» Supplied records
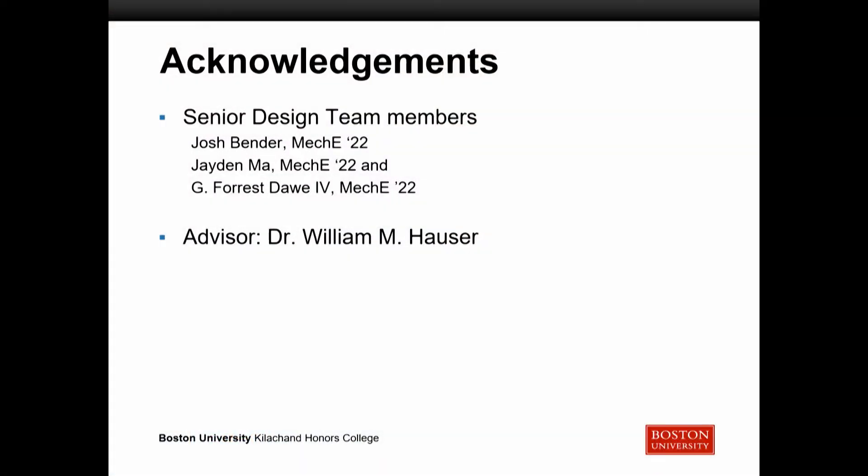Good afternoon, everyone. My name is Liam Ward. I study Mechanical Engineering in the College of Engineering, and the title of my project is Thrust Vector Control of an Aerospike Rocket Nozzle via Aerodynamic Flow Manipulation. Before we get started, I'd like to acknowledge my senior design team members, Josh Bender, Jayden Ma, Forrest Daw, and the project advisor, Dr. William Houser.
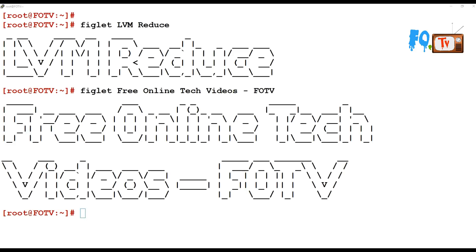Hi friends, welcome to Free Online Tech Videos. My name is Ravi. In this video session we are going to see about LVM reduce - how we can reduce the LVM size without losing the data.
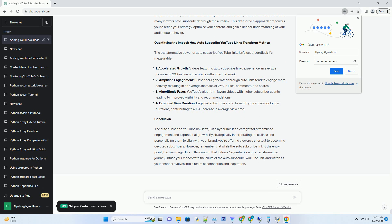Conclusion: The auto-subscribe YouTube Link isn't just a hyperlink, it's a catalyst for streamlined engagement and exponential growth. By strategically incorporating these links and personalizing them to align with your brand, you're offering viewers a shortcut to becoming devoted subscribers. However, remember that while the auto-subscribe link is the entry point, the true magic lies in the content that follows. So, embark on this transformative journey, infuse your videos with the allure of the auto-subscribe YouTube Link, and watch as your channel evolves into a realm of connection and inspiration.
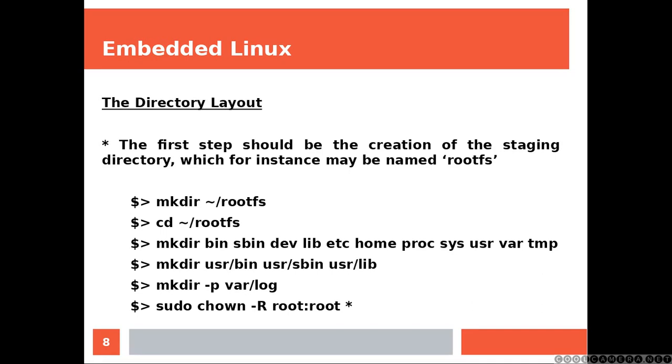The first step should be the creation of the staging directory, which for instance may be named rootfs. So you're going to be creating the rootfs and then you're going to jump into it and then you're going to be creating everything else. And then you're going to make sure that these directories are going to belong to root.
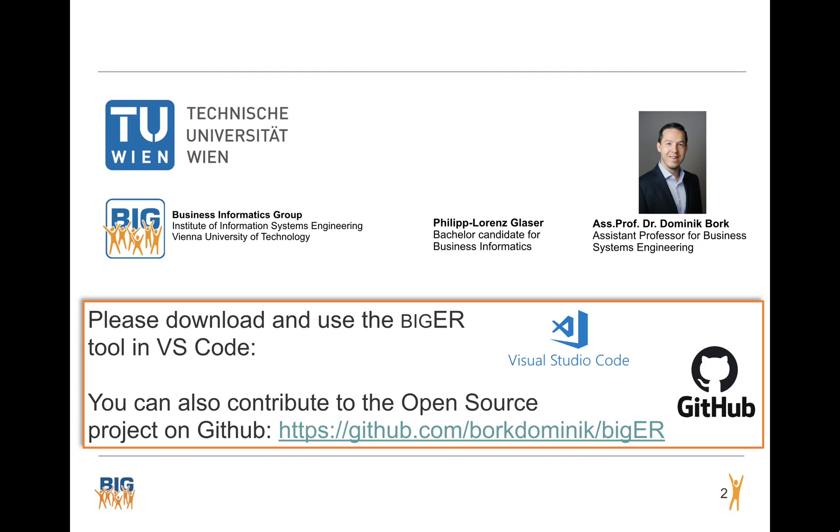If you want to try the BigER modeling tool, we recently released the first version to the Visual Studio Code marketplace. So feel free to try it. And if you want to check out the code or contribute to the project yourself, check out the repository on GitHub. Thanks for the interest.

» Brief
What is needed is an exact output of the records above, with every picture left out.

» Exercise output
Good afternoon, everyone. My name is Liam Ward. I study Mechanical Engineering in the College of Engineering, and the title of my project is Thrust Vector Control of an Aerospike Rocket Nozzle via Aerodynamic Flow Manipulation. Before we get started, I'd like to acknowledge my senior design team members, Josh Bender, Jayden Ma, Forrest Daw, and the project advisor, Dr. William Houser.
Hi friends, welcome to Free Online Tech Videos. My name is Ravi. In this video session we are going to see about LVM reduce - how we can reduce the LVM size without losing the data.
Conclusion: The auto-subscribe YouTube Link isn't just a hyperlink, it's a catalyst for streamlined engagement and exponential growth. By strategically incorporating these links and personalizing them to align with your brand, you're offering viewers a shortcut to becoming devoted subscribers. However, remember that while the auto-subscribe link is the entry point, the true magic lies in the content that follows. So, embark on this transformative journey, infuse your videos with the allure of the auto-subscribe YouTube Link, and watch as your channel evolves into a realm of connection and inspiration.
The first step should be the creation of the staging directory, which for instance may be named rootfs. So you're going to be creating the rootfs and then you're going to jump into it and then you're going to be creating everything else. And then you're going to make sure that these directories are going to belong to root.
If you want to try the BigER modeling tool, we recently released the first version to the Visual Studio Code marketplace. So feel free to try it. And if you want to check out the code or contribute to the project yourself, check out the repository on GitHub. Thanks for the interest.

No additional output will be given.